Mert'ten
Afra da bende bin kere olmaz desekte babam bizi en sonunda ikna etmisti. Ne, nasıl olacak Afranın da benim de hic bir fikrim yok. Babama güvenip bir yola girdik. Ama Afranın içinde yine de şüphe vardı. Sürekli soru sorup duruyordu."Emre Amca nasıl olcak bu iş?"
"Aslında sizin yapacağınız bir şey yok kızım. Siz sadece magazinin önünde bol bol birlikte görünün."
Afra da bende birbirimize baktık ve çaresizce onayladık. Tam çıkarken babam durdurdu ve
"Bu oyunu kimse bilmeyecek. Sadece üçümüz. Şirkettekiler, aileniz... herkes"
Tamam demekten başka çaremiz yoktu.
Oyun başlasın...
Odadan çıkınca Afra bana döndü"Mert napıcaz şimdi? İnsanlar bize değişik değişik bakıyor kendimi garip hissediyorum" Gerçekten haber çabuk yayılmış. Herkesin gözü üzerimizdeydi.
"Bir şey yapmıycaz Afra. Oyunu kuralına göre oynuycaz" dedim net bir şekilde ve elini sımsıkı tuttum.
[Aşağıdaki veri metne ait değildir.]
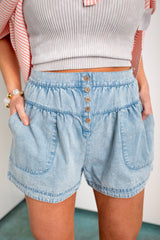 Sunny Stroll Denim Shorts - Light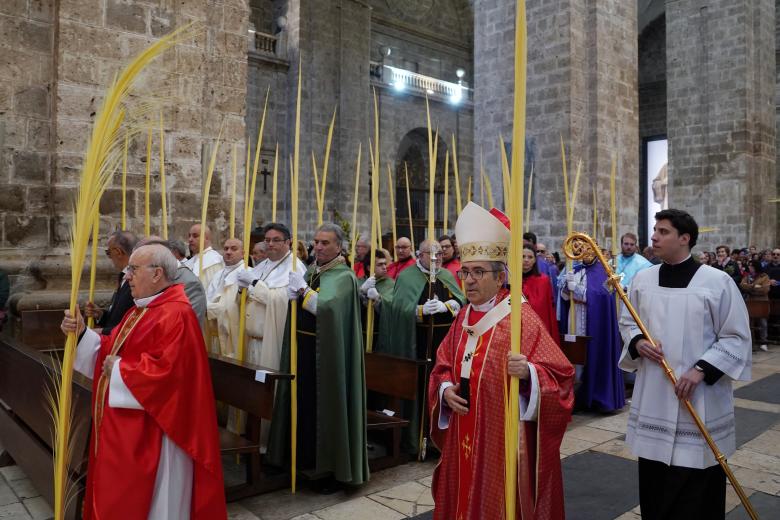 El arzobispo de Valladolid y presidente de la Conferencia Episcopal, Luis Argüello, en la bendición de las palmas de Domingo de Ramos y que sirve de inicio a la Semana Santa, en Valladolid.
Afra da gülümsedi ve o da benim elimi tuttu.
İnsanların garip bakışları hâlâ devam ediyordu. Hatta bazı fısıldaşmaları bile duyabiliyordum."Oha haberler gerçekmiş"
"Mert Bey ve ciddi bir ilişki?"
"Ayy ben ikisini çok yakıştırıyordum"
Gibi... gibi... gibi...
Afra'dan
Bilgisayarıma gömülmüş islerimle uğraşırken Buçe karısı geldi. Eğer tahminlerim doğruysa yani merti seviyorsa şuan beni bir kaşık suda boğmak istediğine yemin edebilirim..."Afra hanım Emre Bey konuşma yapacakmış" dedi tıslayarak. Bende gayet soğuk bir şekilde "Geliyorum" dedim. Yüzüne bile bakmadım.
Gerçekten çok sinir bozucu birisi. Neyseki reklam anlaşması bitince kurtulacağım.Gittiğimde Mert de oradaydı. Yanına gittim
"Noluyor?"
"Yani aklımda bir şeyler var ama... öğreniriz birazdan" dedi. Bende başımla onayladım.
Bir süre sonra Emre Amca konuşmaya başladı."Arkadaşlar öncelikle zamanınızı aldığım için özür dilerim. Merak etmeyin çok kısa bir konuşma olacak. Yarın şirketimizin 25. Yılına gireceğiz. Bu yolda bana destek olan herkese sonsuz teşekkür ediyorum. Zaten bilen bilir her yıl bir davet düzenliyoruz. Hepinizi bekliyorum. Dinlediğiniz için teşekkür ediyorum"
Mert heyecanla bana döndü
"Ee geliyorsun dimi?"
"Yaniiii...bilmiyorum"
"Yaaaa Afroş. Beni yalnız mı bırakacaksın?" dedi küçük bir oğlan çocuğu gibi. Bu hallerine karşı bende güldüm. Tabi bunlar yaşanırken herkesin gözünü üzerimde hissedebiliyordum. Hâlâ alışamamışlar anlaşılan .
"Peki, senin için gelicem" dedim. Hiç beklemediğim bir anda bana sarıldı.
"Afroşum benim. Beni kirmayacağını biliyordum. Bir tanesin sen bir taneee" dedi büyük bir mutkulukla. Benden ayrılınca tebessüm ettim
"Sende bir tanesin mertcim" dedim. Yüzünde oluşan mutluluğu görmemek için kör olmak gerekirdi. O mutlu olunca anlamsızca bende mutlu oldum..
Acaba... acaba mertte mi bana...???? Ayh yok artık Afra!!!...
Aksam şirketin yıldönümü olduğu için bugün is güç yokkkk. Beril de akşam benimle beraber gelecek. O yüzden beraber hazırlanacağız. Beyaz bir elbise giyindim. Saçımı da aşağıdan bağladım. Berile göre şu an dünyanın en güzel kızıyım ama önemli olan mertin beğenmesi.
Ayy yine saçmalama saatin geldi Afroş. Emre Amca Mert ile beraber gelmemizi istedi yaniiii... nedense heyecanlıyım işte.